__What you have to do__:
Any picture in the listing is left out of the copy; all else is duplicated exactly.

__Information shown__:
───
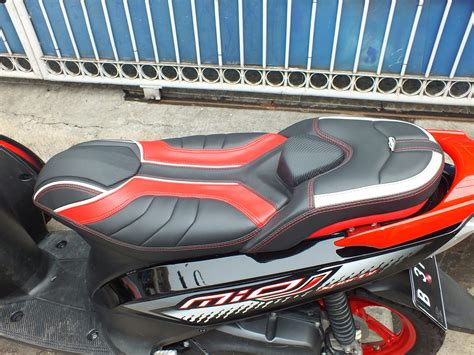 Jok Motor: Menjelajahi Ragam Jenis Jok Motor dengan Penjelasan yang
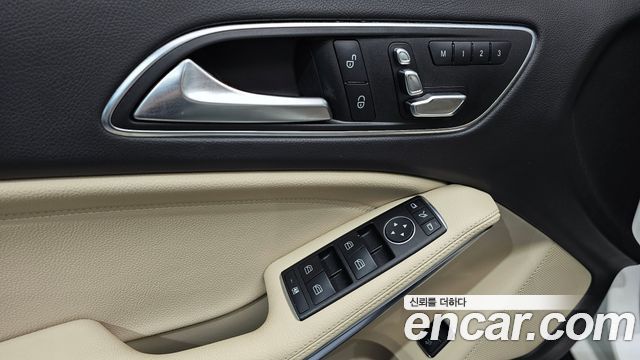 Mercedes-Benz GLA-Class 2018 — photo 22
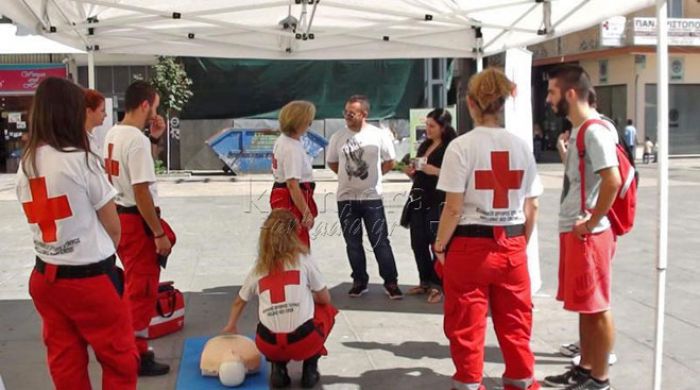 Κέντρισε τα βλέμματα του κόσμου η επίδειξη πρώτων βοηθειών από τους Σαμαρείτες στην Τρίπολη (vd)!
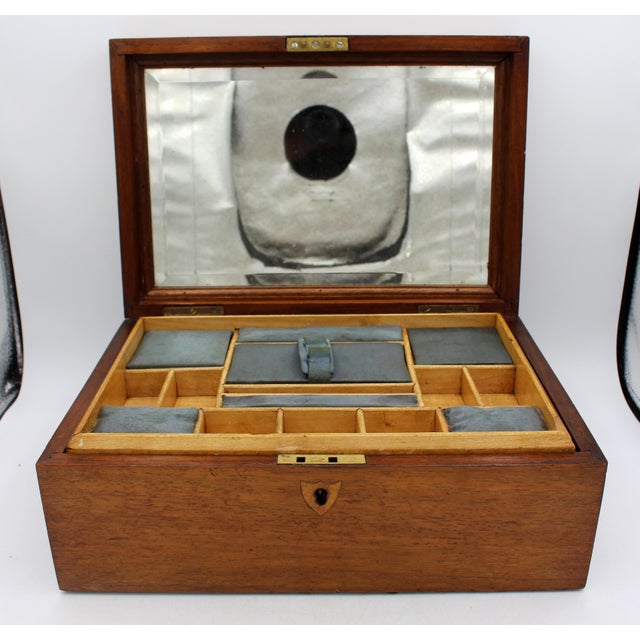 19th Century Mid-Late 19th Century English Jewelry Box For Sale - Image 5 of 8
───
__Expected output__:
 Jok Motor: Menjelajahi Ragam Jenis Jok Motor dengan Penjelasan yang
 Mercedes-Benz GLA-Class 2018 — photo 22
 Κέντρισε τα βλέμματα του κόσμου η επίδειξη πρώτων βοηθειών από τους Σαμαρείτες στην Τρίπολη (vd)!
 19th Century Mid-Late 19th Century English Jewelry Box For Sale - Image 5 of 8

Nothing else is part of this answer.